> **Recorded data**:
* * * * *

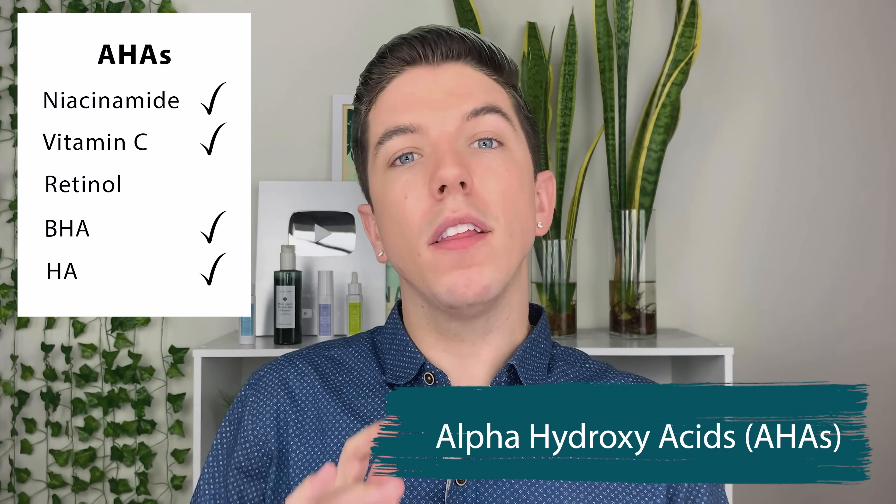Alpha-hydroxy acids are amazing for getting rid of dead skin cells on the surface of your skin. As opposed to beta-hydroxy acid, AHAs work more on the top layer and really give you that extra glow and overall smooth skin. Alpha-hydroxys can be used in the daytime or nighttime — but using AHAs in general will make your skin sensitive to the sun regardless of timing. I personally recommend using them at nighttime when they can be most effective, since your skin isn't going through all the daily trauma. I recommend using them three to four times a week to give your skin a break from that intense exfoliation.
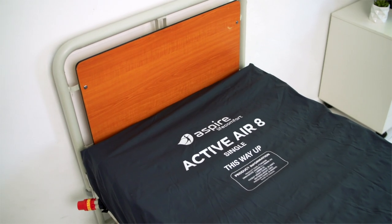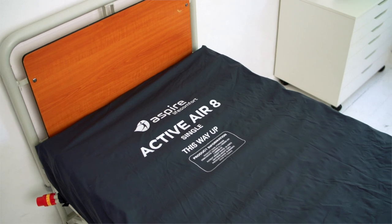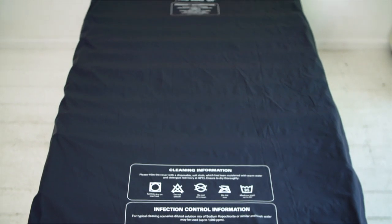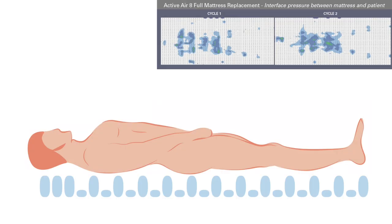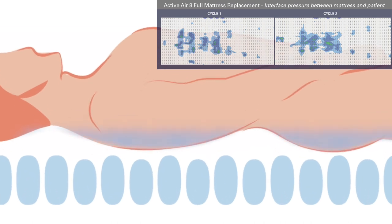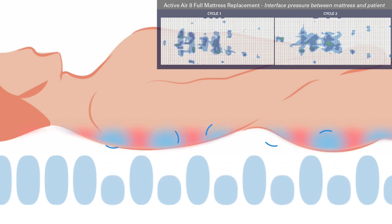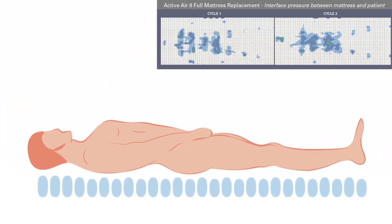Alternating air mattresses are used for the prevention and management of pressure injuries and work on the principle of pressure on, pressure off. When air cells inflate, pressure is applied to the body's surface, creating a brief restriction of blood flow. When cells deflate, blood flow increases again, causing a rush of blood and therefore oxygen to the area.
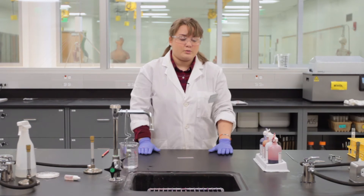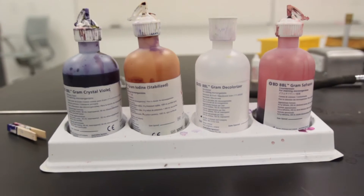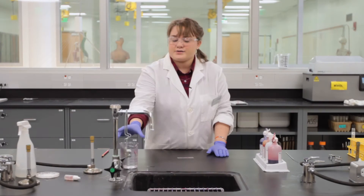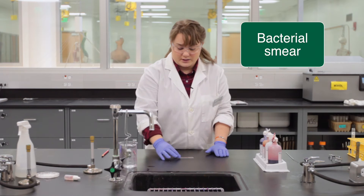What you want to do first is find your stains: we should have crystal violet, iodine, ethyl alcohol, and safranin. You also want some water handy and you should have your bacterial smear.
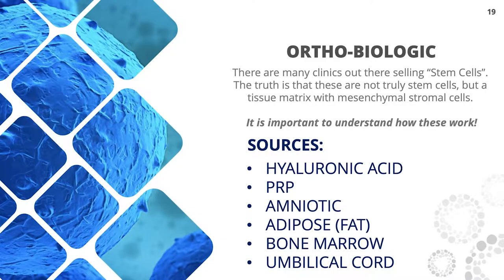Adipose, fat, bone marrow, and cord cells are sources of cells that also have hyaluronic acid and PRP components, but there are living cells in all of these if extracted or isolated properly. In the November 2017 statement from the FDA, they said you should not use fat-derived stem cells in joints. Amniotic fluid also is not supposed to be used in joints per the FDA. So if anyone's using fat-derived stem cells in your joint, they're not compliant with the FDA — you should question why.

* * * * *

> **Task details**: The answer is the listing above repeated verbatim, minus its images.

> **Solution below**:
Alpha-hydroxy acids are amazing for getting rid of dead skin cells on the surface of your skin. As opposed to beta-hydroxy acid, AHAs work more on the top layer and really give you that extra glow and overall smooth skin. Alpha-hydroxys can be used in the daytime or nighttime — but using AHAs in general will make your skin sensitive to the sun regardless of timing. I personally recommend using them at nighttime when they can be most effective, since your skin isn't going through all the daily trauma. I recommend using them three to four times a week to give your skin a break from that intense exfoliation.
Alternating air mattresses are used for the prevention and management of pressure injuries and work on the principle of pressure on, pressure off. When air cells inflate, pressure is applied to the body's surface, creating a brief restriction of blood flow. When cells deflate, blood flow increases again, causing a rush of blood and therefore oxygen to the area.
What you want to do first is find your stains: we should have crystal violet, iodine, ethyl alcohol, and safranin. You also want some water handy and you should have your bacterial smear.
Adipose, fat, bone marrow, and cord cells are sources of cells that also have hyaluronic acid and PRP components, but there are living cells in all of these if extracted or isolated properly. In the November 2017 statement from the FDA, they said you should not use fat-derived stem cells in joints. Amniotic fluid also is not supposed to be used in joints per the FDA. So if anyone's using fat-derived stem cells in your joint, they're not compliant with the FDA — you should question why.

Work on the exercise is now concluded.